These days, everyone and their mother has their own podcast.

But for me, there are two podcasts that I count myself as a fan of: Unorthodox and Can I Just Say.

Unorthodox

There is an old inside joke about Jews: For every two Jews, there are three opinions. From my perspective. is the backbone of Unorthodox. Created by Tablet Magazine,  the podcast is hosted by Mark Oppenheimer, Stephanie Butnick and Liel Leibovitz. Every week they talk about news relating to the Jewish world and have two guests: one Jewish and one not Jewish. What I appreciate about this podcast is that Mark, Liel and Stephanie not only mesh well together, but their unique world views allow all three to stand out in their own way. I’ve been listening for a couple of years; it’s a pleasure to wake up on Thursday morning knowing that the week’s episode is waiting for me.

Can I Just Say

Pop culture podcasts can sometimes get a little dull. Either they can veer too much into the fan boy or fan girl lane or they are just a tad too intellectual.

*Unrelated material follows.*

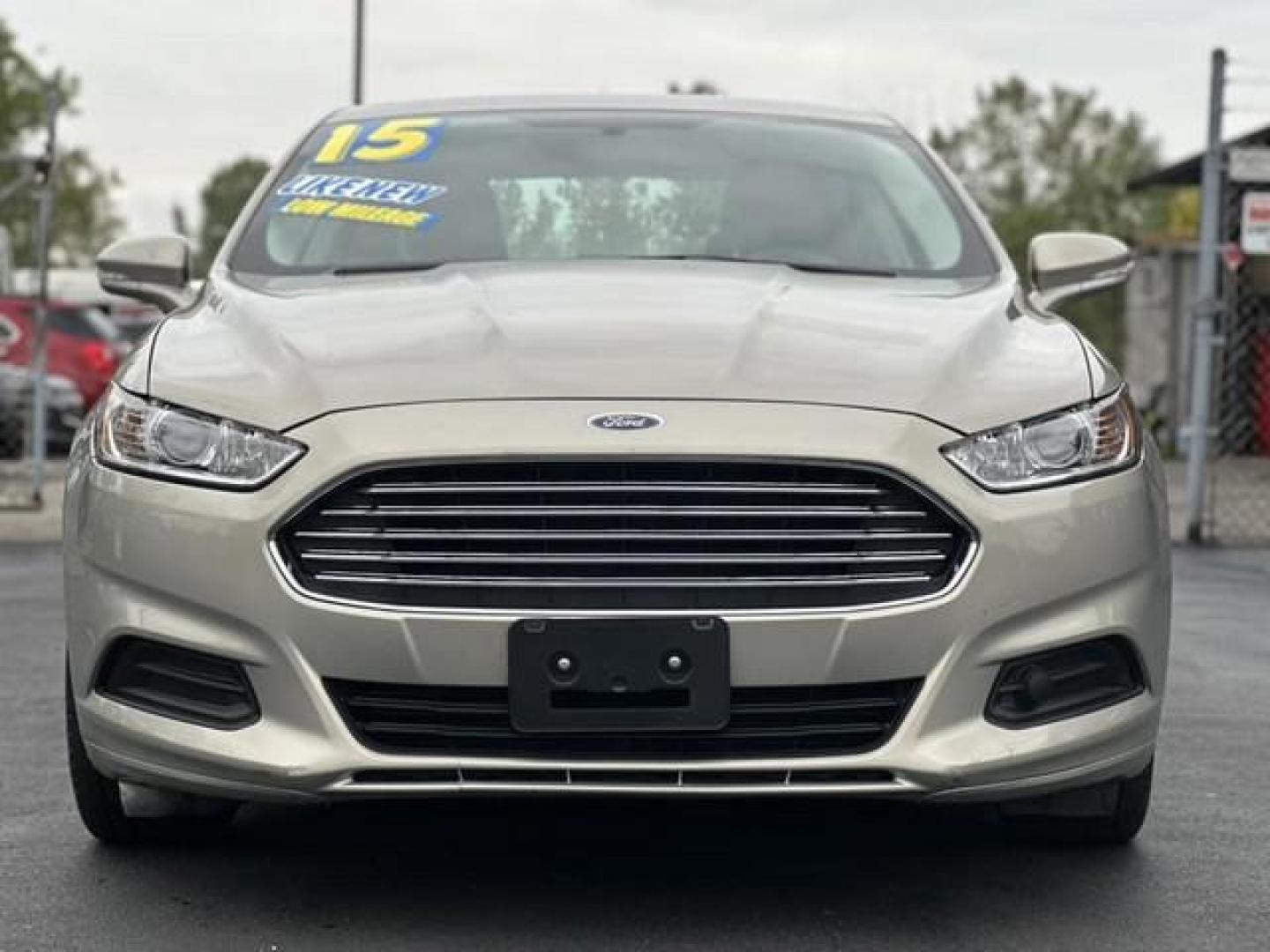 2015 TAN FORD FUSION (3FA6P0HD3FR) with an L4,1.5L(91 CID),DOHC engine, AUTOMATIC transmission, located at 14600 Frazho Road, Warren, MI, 48089, (586) 776-3400, 42.485996, -82.974220 - Photo#1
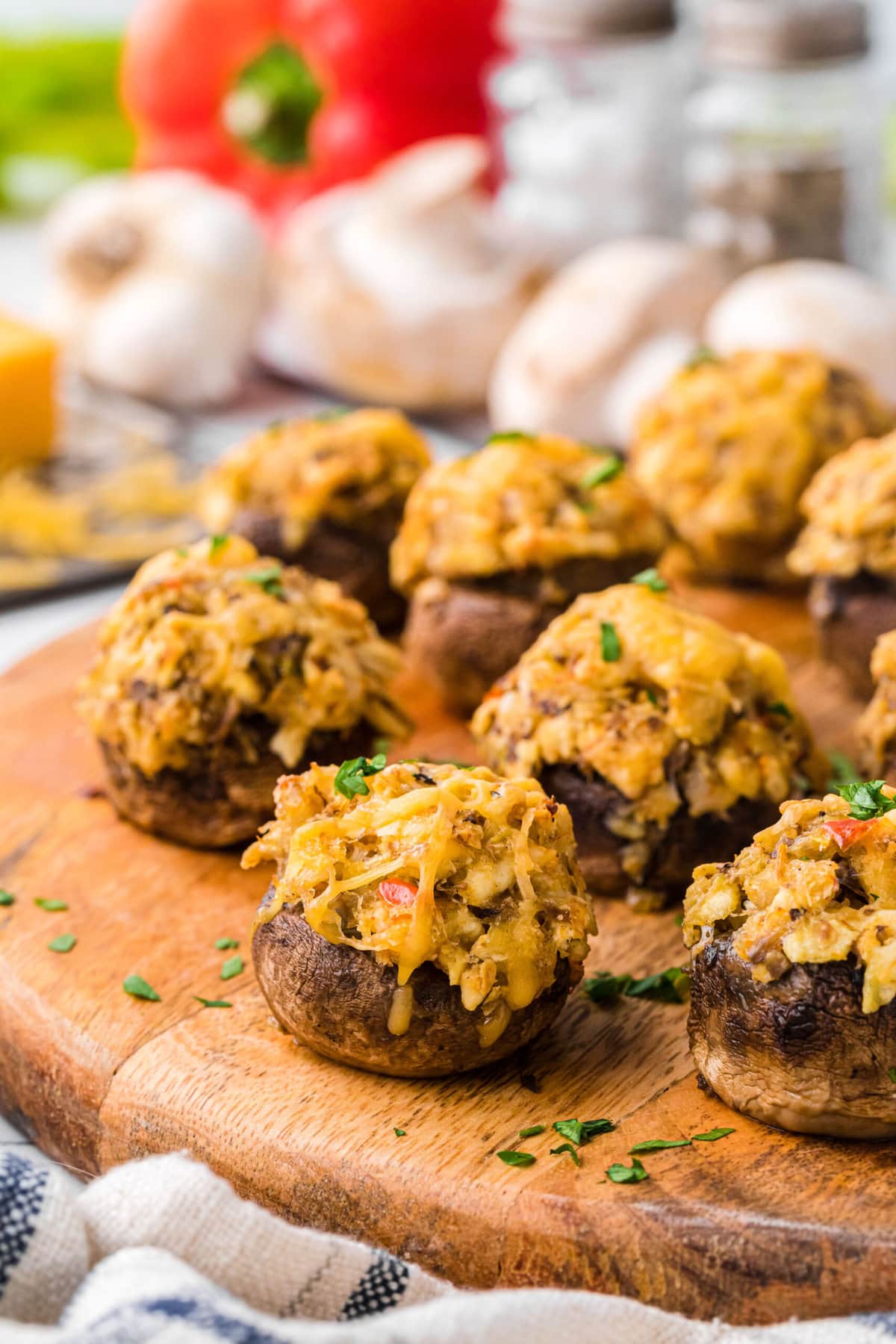 Stuffed mushrooms topped with melted cheese sit on a wooden platter.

Thankfully, Can I Just Say is the perfect pop culture podcast. Hosted by Daphne Olive and Elizabeth Stevens, the ladies have unique and stimulating conversations about everything from Star Wars (their newest podcast about The Last Jedi was very interesting) to novels and their various adaptations (their comments about Jane Eyre, Pride and Prejudice and Sense and Sensibility got me thinking) to a hand-picked selection of Baz Lurhmann films opened my eyes to his abilities as a filmmaker. They also host a podcast entitled Fathoms Deep: A Black Sails Podcast, an equally interesting podcast about the television series Black Sails.

I recommend both.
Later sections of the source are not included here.